François Hollande a dit sans langue de bois, avant de s’envoler pour le Congo (RDC), que « la situation dans ce pays est tout à fait inacceptable sur le plan des droits, de la démocratie et de la reconnaissance de l’opposition ».
Cette situation « inacceptable » prévaut partout en Afrique francophone, en particulier au Tchad où Idriss Déby dirige le pays d’une main de fer depuis 22 ans, refusant toute alternance démocratique, embastillant journalistes et opposants non armés, dilapidant les maigres ressources financières dans l’achat abusif d’armes de guerre, détournant les deniers publics au profit exclusif de sa famille et de quelques affidés.
Mais jusque-là, le chef d’Etat tchadien a bénéficié du soutien indéfectible des plus hautes autorités françaises, principalement Nicolas Sarkozy et Jacques Chirac, qui le considèrent comme un « mal nécessaire » sous prétexte qu’après lui, ce serait certainement « le déluge » aussi bien au Tchad que dans la sous-région.
François Hollande, qui a affirmé ne pas aller en Afrique pour se « différencier » de ses prédécesseurs, refuse néanmoins de serrer la main aux dictateurs qui bafouent impunément les droits les plus élémentaires du peuple tchadien.
C’est ainsi qu’il a annulé le rendez-vous du 8 octobre 2012 avec Idriss Déby à l’Elysée prévu pourtant depuis plusieurs mois.
L'affaire Ibni Oumar Mahamat Saleh, qui a fait l'objet d'une question au gouvernement par le député français Gaëtan Gorce le 11 octobre 2012, et les récentes condamnations des syndicalistes qui revendiquaient l'application d'un accord dûment signé par le gouvernement tchadien sont, entre autres, les principales raisons qui ont conduit le président français à ne pas recevoir Idriss Déby.
Le chef de l’Etat tchadien, qui ignore les valeurs de la démocratie, sera reçu à l’Elysée seulement après avoir compris que « le temps de ce qu’on appelait autrefois la Françafrique est révolu ».

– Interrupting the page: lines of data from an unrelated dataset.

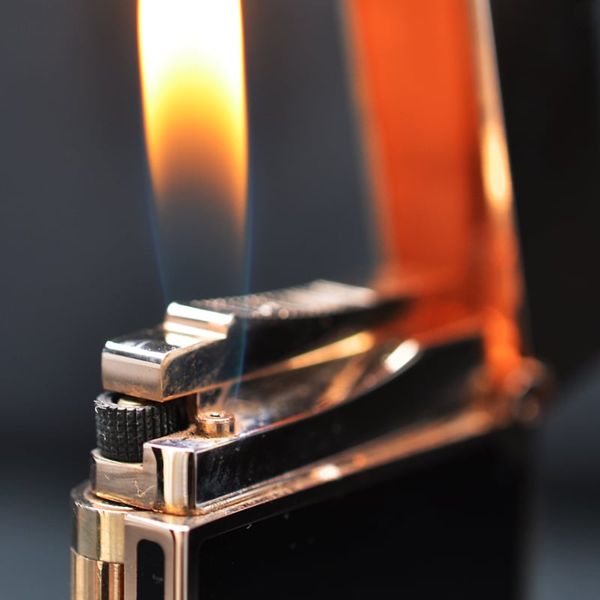 Dupont sơn mài đen nắp mạ màu D131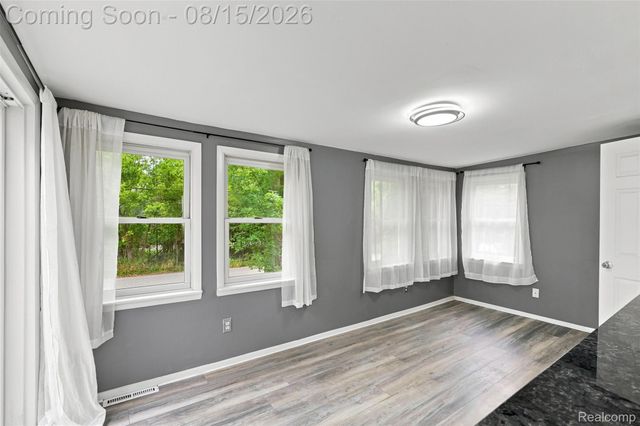 5607 Loveland Street, West Bloomfield Charter Township, MI 48322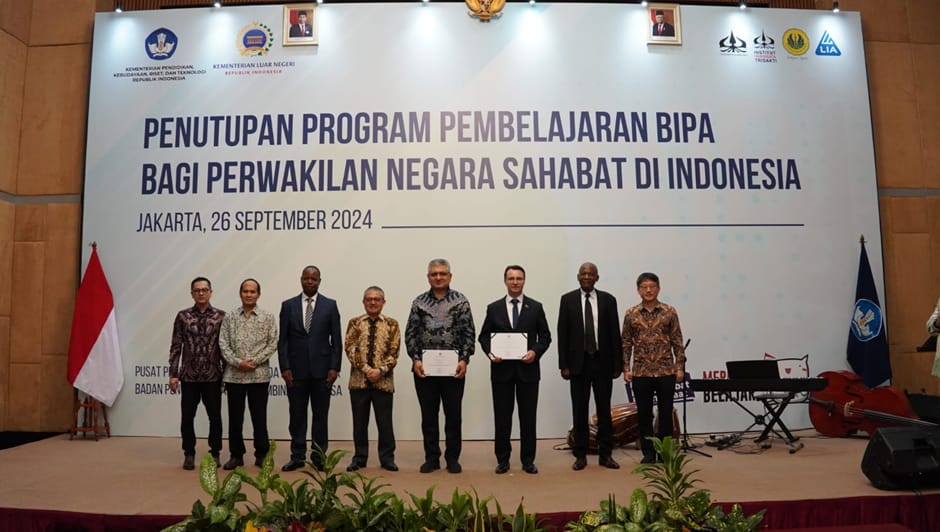 Penguatan Bahasa Indonesia untuk Diplomasi Antarbangsa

Idriss Déby, qui se considère comme le sage de l'Afrique depuis la disparition d'Omar Bongo, n'apprécie visiblement pas que le nouveau président français ne lui témoigne pas le même égard que ses prédécesseurs, Sarkozy et Chirac, voire Mitterrand.
Surtout qu'il est le premier à lui promettre une intervention militaire au Mali contre les groupes terroristes afin de sécuriser les intérêts français au Sahel.
Pour laver l’affront, Idriss Déby est allé faire la fête à Malabo avec un autre potentat, le Président Obiang Nguema, qui célébrait l’anniversaire de l’indépendance de son pays, également miné par la corruption et le détournement des deniers publics au profit exclusif des membres de la famille présidentielle. Le chef de l’Etat guinéen est d’ailleurs poursuivi en France dans l'affaire des biens mal acquis. La justice française a saisi des centaines de millions de biens mobiliers et immobiliers à Paris appartenant à son fils.
Le déplacement de Malabo marque sans doute la volonté des deux potentats africains de former une "ligue des chefs d'Etat africains mécontents de François Hollande".
Un chantage diplomatique dont le but est de parvenir à exercer une pression morale sur le nouveau président français afin de conserver ou de rétablir les liens séculaires de la Françafrique, cette officine qui autorise le maintien au pouvoir à vie.